Sometimes, no matter how well you take care of your computer, it starts running slow and freezing when performing trivial tasks. This is especially annoying when you have something urgent to do, and the computer decides to keep you waiting because you accidentally opened a program which froze your entire PC. On Windows 8.1 and 10, due to its many features, the operating system has lots of services running in the background. Therefore, there are many things that could cause freezing on a Windows 8.1 or 10 PC, and there are just as many solutions to this problem:
Scan your PC!
It goes without saying that you should regularly scan your computer to check whether or not it is infected with malware or spyware. If you aren’t careful, you could lose a lot of data and even your online accounts due to viruses. That’s why, whenever your PC starts running slow, you should first scan it thoroughly. Even if you’re the most vigilent person while browsing the Internet, you never know what could’ve infiltrated your PC, especially if you’re sharing the computer with someone else who might not be as careful as you are.

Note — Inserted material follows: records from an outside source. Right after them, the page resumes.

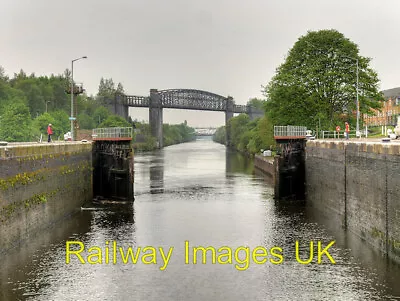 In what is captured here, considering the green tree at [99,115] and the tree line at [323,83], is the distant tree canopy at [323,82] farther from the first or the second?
the green tree at [99,115]

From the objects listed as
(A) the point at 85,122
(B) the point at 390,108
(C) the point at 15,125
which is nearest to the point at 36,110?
(A) the point at 85,122

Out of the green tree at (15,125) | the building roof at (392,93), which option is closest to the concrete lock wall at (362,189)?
the green tree at (15,125)

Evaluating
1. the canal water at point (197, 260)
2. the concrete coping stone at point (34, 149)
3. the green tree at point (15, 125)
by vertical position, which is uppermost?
the green tree at point (15, 125)

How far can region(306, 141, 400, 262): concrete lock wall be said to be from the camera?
80.0ft

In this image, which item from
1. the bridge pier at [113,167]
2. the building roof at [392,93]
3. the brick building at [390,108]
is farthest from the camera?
the building roof at [392,93]

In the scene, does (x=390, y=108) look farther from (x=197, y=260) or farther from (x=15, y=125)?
(x=197, y=260)

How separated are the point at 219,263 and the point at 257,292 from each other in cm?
443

Windows 8.1 and 10 come with a great free antivirus software, called Windows Defender. It is accessible through either search or Control Panel. Every now and then, it is advised to run a full scan to ensure your PC is clean and your data is safe.
Command prompt solutions
If your PC is virus-free but it still runs poorly, then you should check the Task Manager and check the disk usage. If your computer is constantly freezing, then chances are your disk usage will be at 99% or 100%. In order to fix this, there are many possible solutions, and we’re going to test them all out, one by one. Most of these solutions involve using the Command Prompt as an administrator. To access that, press Windows Key + X + A. Once the Command Prompt is open, you should stop certain suspected services and watch the Resource Monitor tab on Task Manager. First, disable Superfetch, by typing net.exe stop superfetch and pressing enter. Watch whether or not the resource monitor indicates a drop in disk usage. If it does, your computer should run faster now.
If that didn’t work, try typing net.exe stop “windows search” and pressing enter. If any solution worked, we’re going to open search and opening View local services. Scroll down to either Superfetch or Windows Update, right click the culprit and open Properties. On the first tab, at Startup type, choose disabled. Your computer should run faster now.

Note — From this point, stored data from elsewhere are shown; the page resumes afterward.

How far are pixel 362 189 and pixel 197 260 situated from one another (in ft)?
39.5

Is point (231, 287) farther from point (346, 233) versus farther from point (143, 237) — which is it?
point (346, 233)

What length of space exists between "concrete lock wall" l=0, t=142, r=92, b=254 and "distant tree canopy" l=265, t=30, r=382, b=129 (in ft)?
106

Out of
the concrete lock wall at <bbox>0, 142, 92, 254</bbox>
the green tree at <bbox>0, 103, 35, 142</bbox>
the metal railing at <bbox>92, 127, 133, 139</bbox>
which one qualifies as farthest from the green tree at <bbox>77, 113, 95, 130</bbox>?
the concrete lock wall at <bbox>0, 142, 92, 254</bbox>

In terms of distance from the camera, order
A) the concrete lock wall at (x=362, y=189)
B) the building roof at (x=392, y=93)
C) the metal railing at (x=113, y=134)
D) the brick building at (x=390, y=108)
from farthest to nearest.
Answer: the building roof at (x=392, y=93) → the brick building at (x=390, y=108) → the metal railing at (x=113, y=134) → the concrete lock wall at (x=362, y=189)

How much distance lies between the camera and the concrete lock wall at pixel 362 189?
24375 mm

If those didn’t work, use the same instructions to open View local services, scroll down to Background Intelligent Transfer Service, right click and stop the service. If that worked, then use the same instructions above to disable it on startup.
In many cases, if that didn’t work, then you should start a “checkdisk” process. You can do that by typing chkdsk /f /r in Command Prompt. This process can take a lot of time, even up to a few days on larger drives, and it involves Windows scanning your drives and repairing any bad sectors it encounters. Be prepared for a long wait time if you do decide to do this.
Control panel solutions
Another possible solution is opening Control Panel, and running a troubleshooting process on these three sections: Windows Update, Search and Indexing, and System Maintenance. You can do this by searching the three sections in the Search Control Panel bar of the Control Panel window. Follow any on-screen instructions the troubleshooter gives you, and after all three sections are done, reboot.
The nuclear solution
If you’ve tried everything but your computer is still running poorly, then it is time to use the nuclear solution. Before starting this, back up all your important data on an external drive or upload it to a cloud service. What we will now do is reinstall Windows. Do not reinstall or upgrade Windows directly from your other copy of Windows. Instead, install it by booting directly in the Windows installation DVD. You can do it with a genuine Windows DVD, and you should format your drives when the installer prompts you to choose the destination drive for the new Windows installation.
If this didn’t help either, you should start diagnosing your hard disks. There is a large chance that they are defective, and you should replace the defective ones.